--- WHAT YOU ARE ASKED TO DO ---
Exactly and only the lines below from the one containing "Hale Luxury Wood Pendant Light-Neutral Decor" down to the one containing "Shannyn Sossamon Women's Cut T-Shirt" are wanted, both included; please exclude every picture.

Brief descriptive captions:
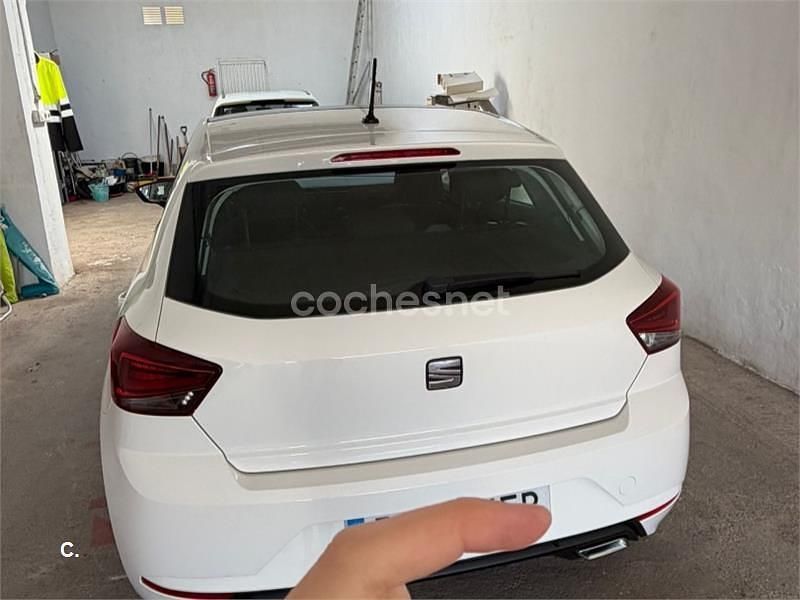 Usado Seat Ibiza FR 115 CV (84 kW) 2017 Blanco Berlina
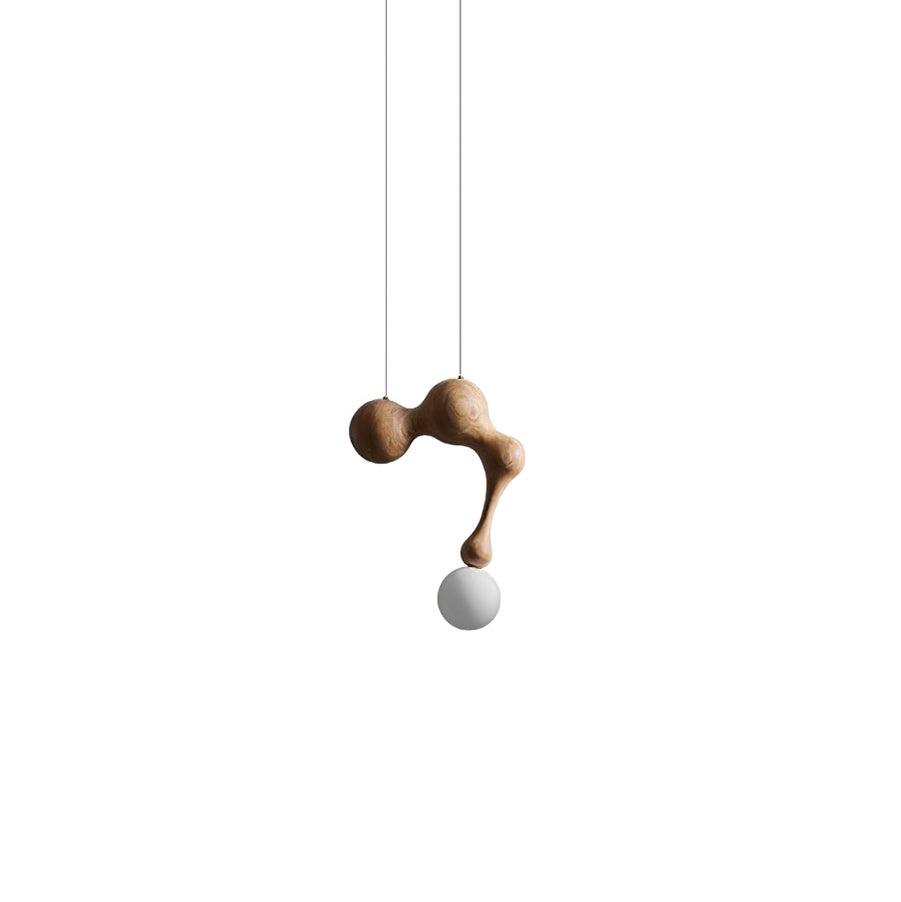 Hale Luxury Wood Pendant Light-Neutral Decor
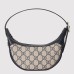 Gucci Ophidia GG Mini Hobo Bag in Blue Supreme Canvas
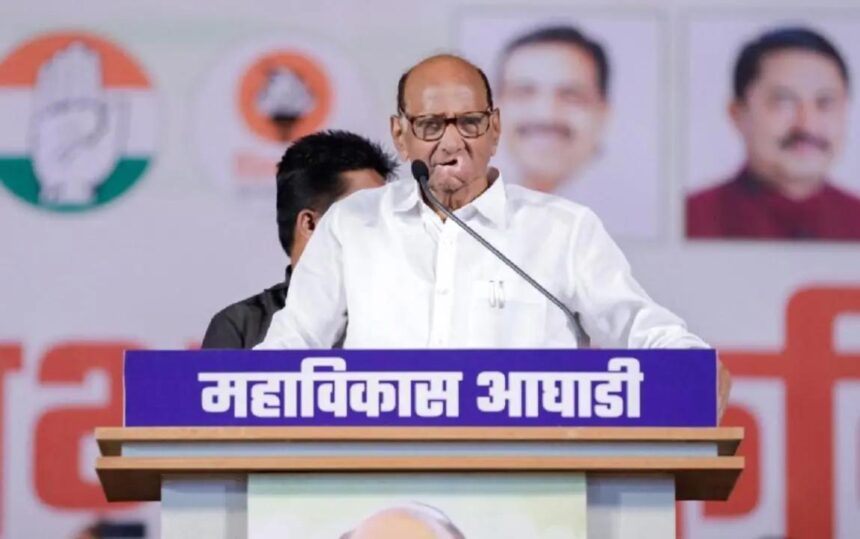 PM must speak on `encroachment` by China, says Sharad Pawar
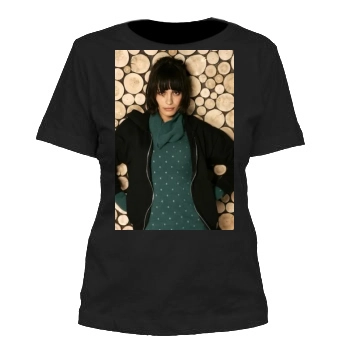 Shannyn Sossamon Women's Cut T-Shirt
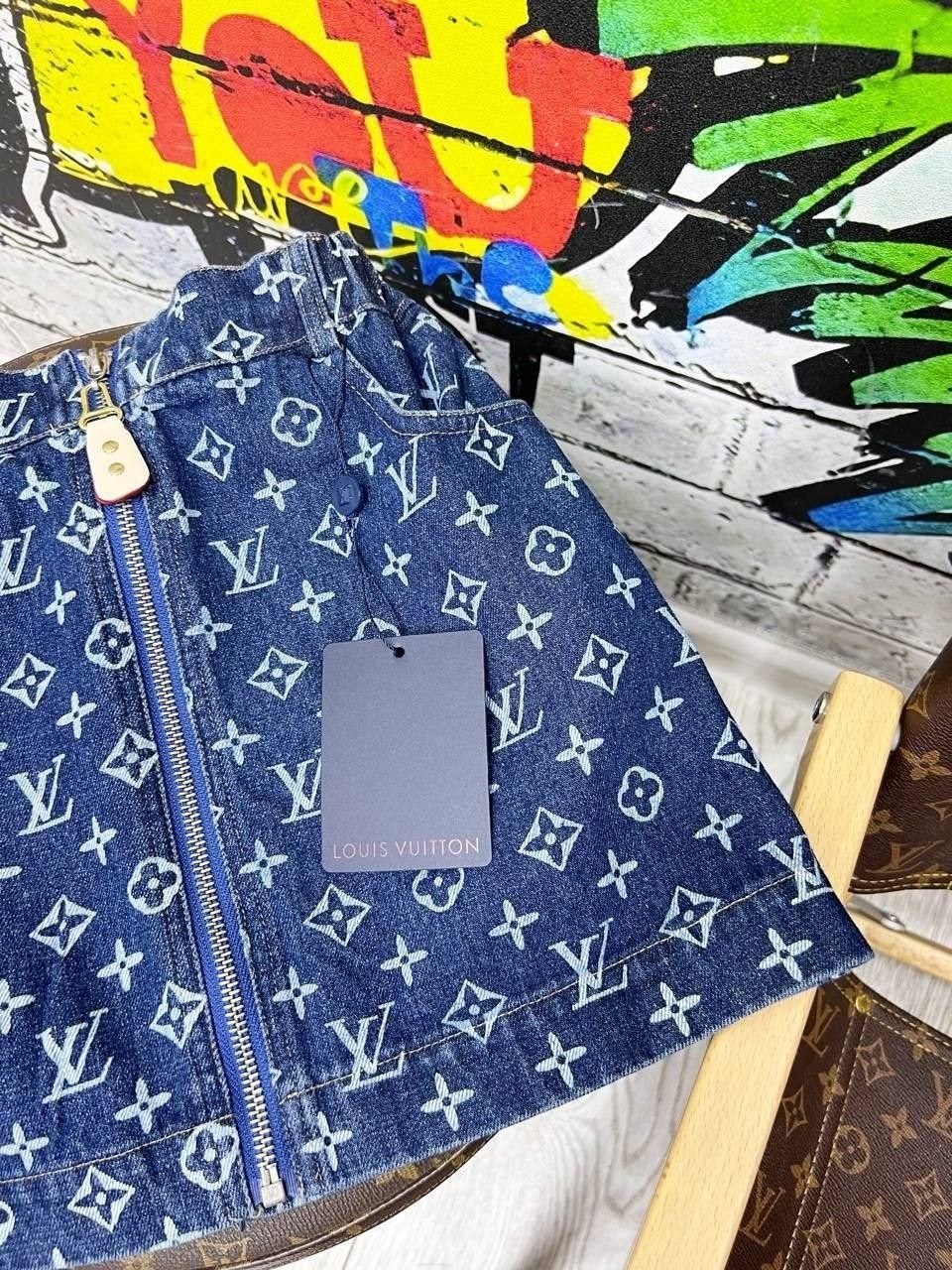 юбки луи виттон,юбка louis vuitton,джинсовая юбка,louis vuitton monogram,луи виттон шорты женские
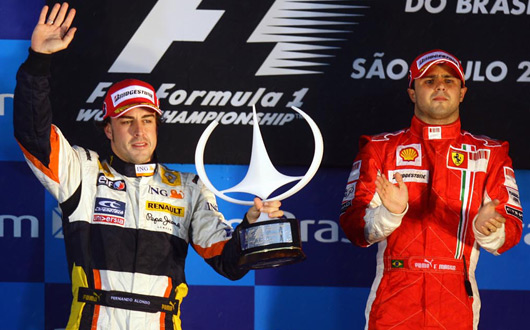 Fernando Alonso and Felipe Massa - teammates in waiting?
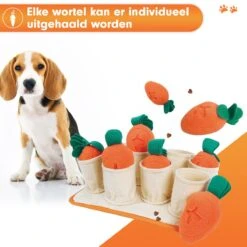 Premium Snuffelmat Voor Hond En Kat - Intelligentie Speelgoed - Snuffel Mat Puppy - IQ Hondenspeeltjes - Educatieve Training Huisdier - Snuffeltrainer Hondenpuzzel - Educatief Speelgoed - Vetalo -Huisdierbenodigdheden Korting 1200x1200 1726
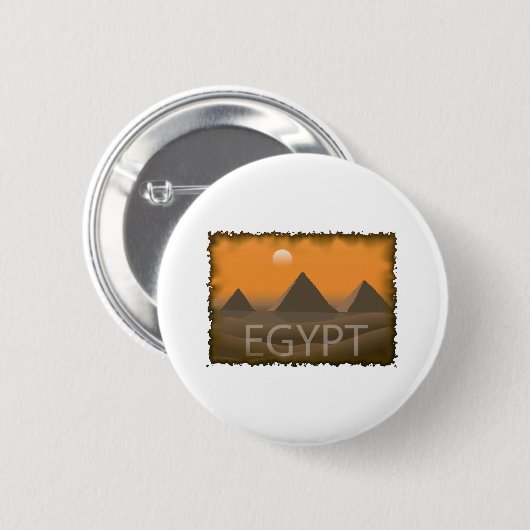  Egypte Ronde Button 5,7 Cm (Voorkant /achterkant)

--- RESULT ---
 Hale Luxury Wood Pendant Light-Neutral Decor
 Gucci Ophidia GG Mini Hobo Bag in Blue Supreme Canvas
 PM must speak on `encroachment` by China, says Sharad Pawar
 Shannyn Sossamon Women's Cut T-Shirt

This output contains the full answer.